[Opening Supplied information section]

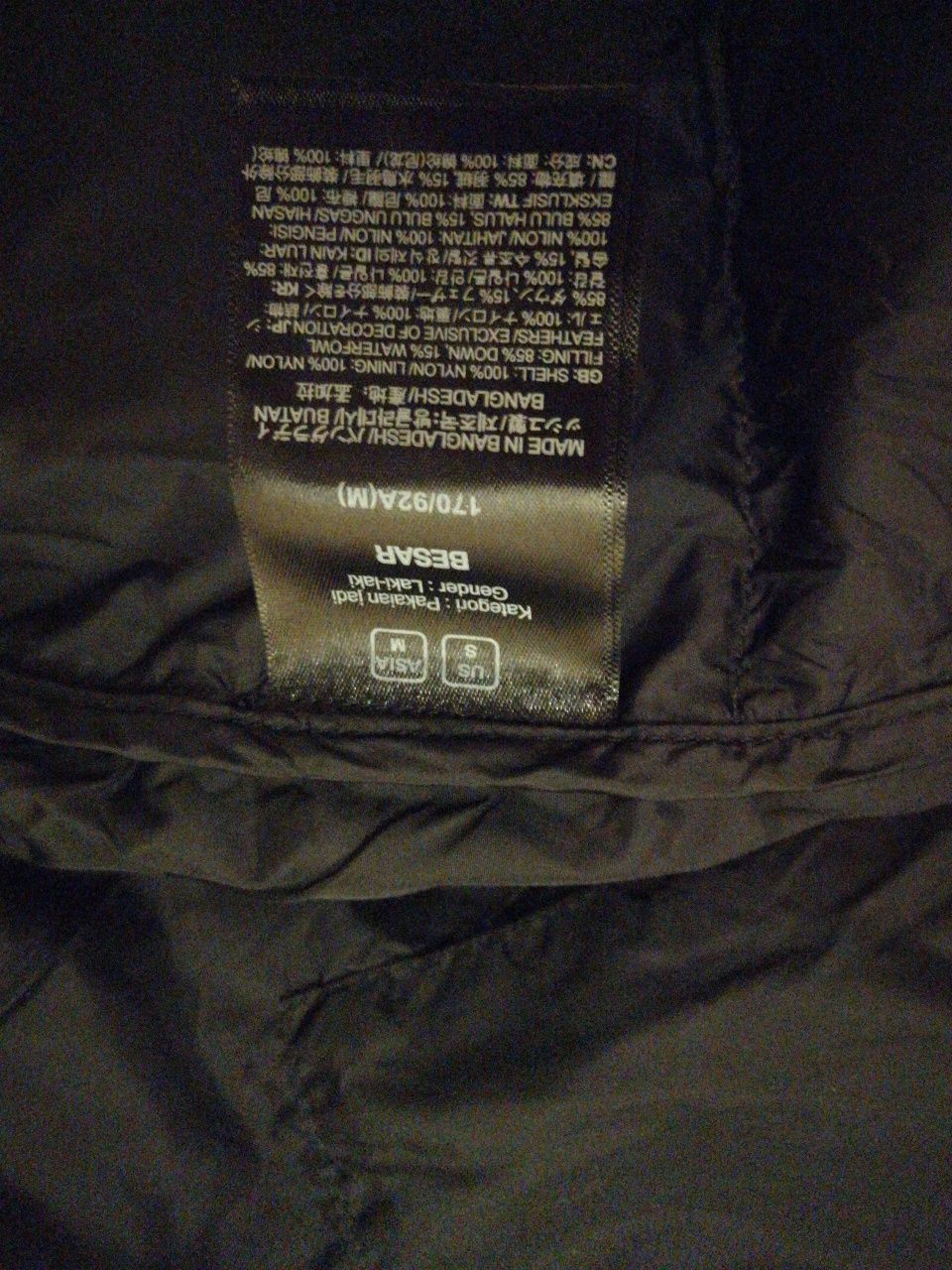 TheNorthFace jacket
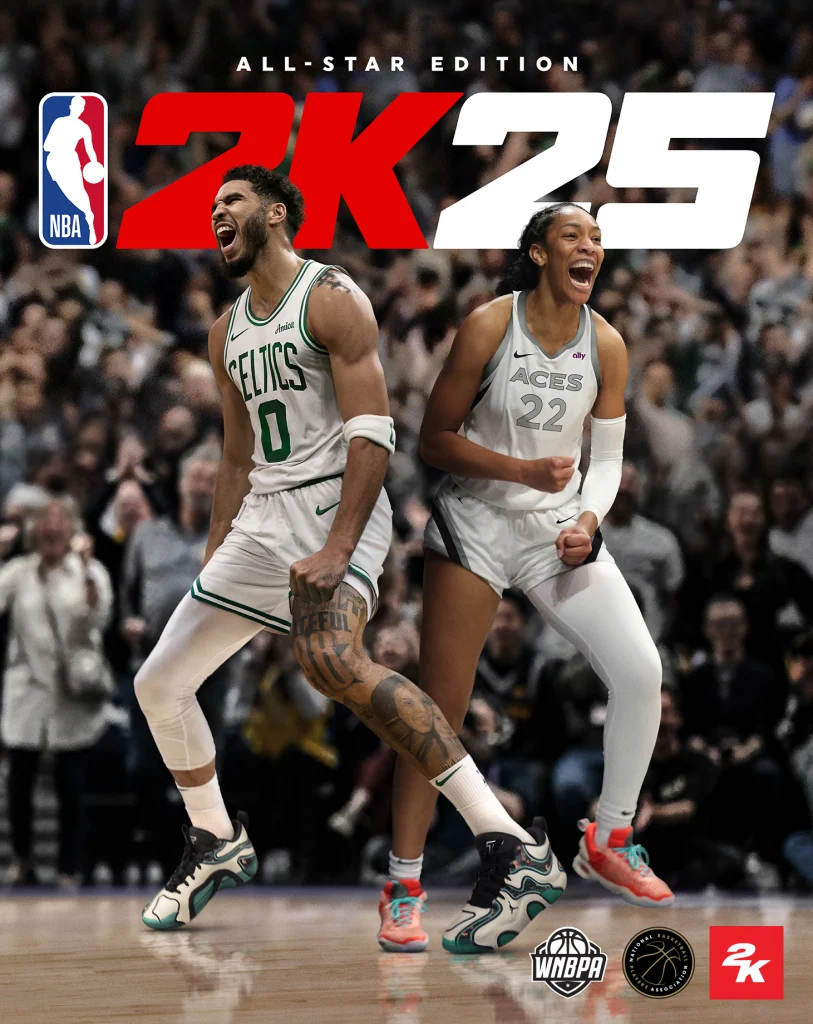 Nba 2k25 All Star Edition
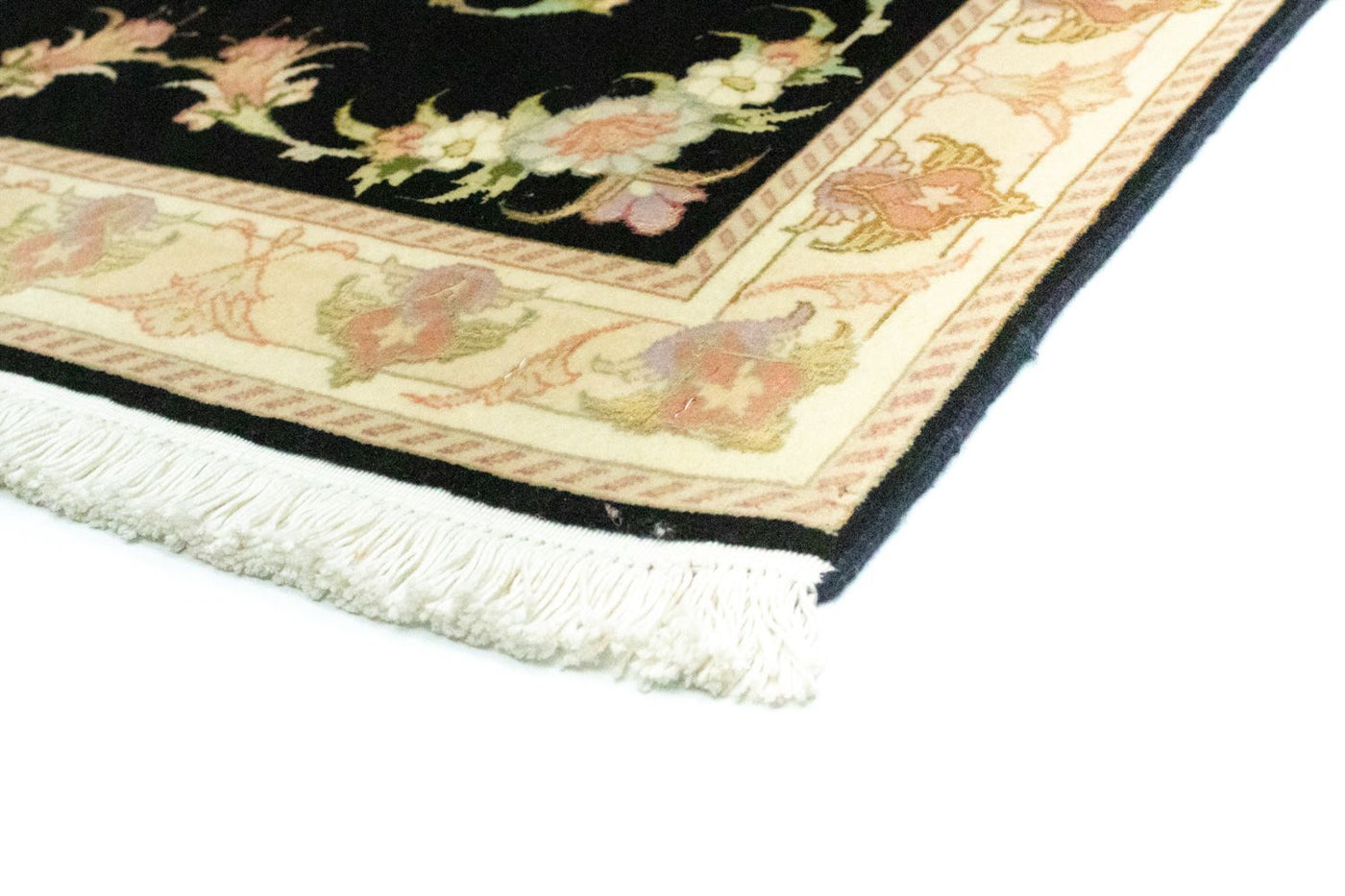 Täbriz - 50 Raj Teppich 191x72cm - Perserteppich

[Closing Supplied information section]

→ Work order
Copy the data word for word. Pictures do not go in the copy.

→ Exercise answer
 TheNorthFace jacket
 Nba 2k25 All Star Edition
 Täbriz - 50 Raj Teppich 191x72cm - Perserteppich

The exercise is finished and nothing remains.